Second, we found a strong association between new and worsening CRS symptoms and new-onset OSA in our study population even after adjusting for well-established risk factors for OSA. Because a high prevalence of GERD is also present, we controlled for the presence of GERD and the association between CRS and OSA persisted. A previous study in a similar group of WTC workers has not found that association, but their sample size was smaller.19 Another study by Glaser et al11 examined the relationship of OSA to GERD and CRS in WTC firefighters. A very high prevalence of OSA (81%) was also observed in this cohort. However, significant differences exist between this study and our study.
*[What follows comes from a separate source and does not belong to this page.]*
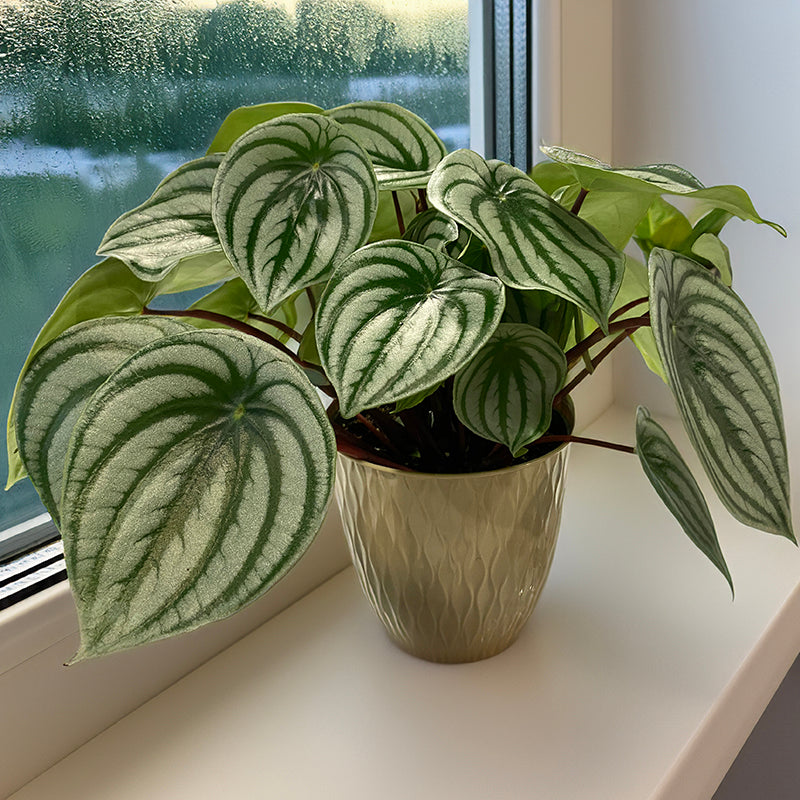 Large Leaf Watermelon Peperomia (Peperomia argyreia)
Most notably, the Glaser et al study examined the prevalence of OSA in participants who were at high risk for OSA with symptoms of snoring or daytime sleepiness and with a BMI of > 30 kg/m2 or if they were referred for polysomnography because of high suspicion for OSA irrespective of BMI. The authors noted an association between OSA and GERD alone as well as between OSA and GERD along with co-existing CRS but not between OSA and CRS alone. This may have been because of a small number of participants with CRS alone in that study.11 Additionally, because participants were a referral population with symptoms of OSA, GERD may have been a result of OSA rather than a cause. Although Glaser et al found an association between arrival at the mound in the immediate aftermath of the WTC towers collapsing and severe OSA, we found an association between level of exposure and increasing CRS scores but not with presence or absence of OSA or to severity of OSA. A direct consequence of WTC exposure may be nasal inflammation leading to CRS symptoms, which would explain the association we found. The lack of association with exposure and OSA suggests that OSA pathogenesis in the responder population is likely multifactorial with CRS playing a significant but not unique role in the development of OSA. The high prevalence of OSA in this population without CRS is evidence for this.
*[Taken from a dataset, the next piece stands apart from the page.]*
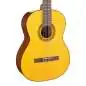 Takamine GC1N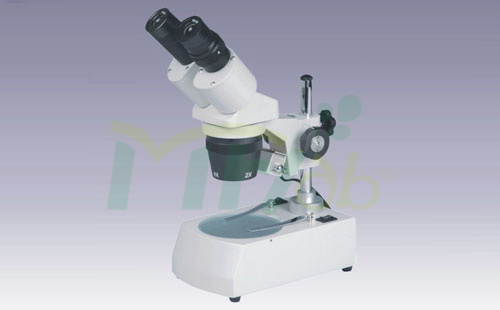 MF5310 Microscope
Our results for CRS are consistent with the Wisconsin cohort data showing symptoms because of allergic and nonallergic rhinitis as a risk factor for OSA but not related to severity of OSA.9, 20, 21, 22 The prevalence of CRS or nasal symptoms in epidemiologic populations of OSA and nasal symptoms/pathology ranges from 10.4% to 17.4%.10 However, sleep clinic populations report 50% prevalence of nasal and upper airway complaints23, 24 and diagnoses of allergic and nonallergic rhinitis22 are similar to the WTC responder population, suggesting the relevance of our data to these populations.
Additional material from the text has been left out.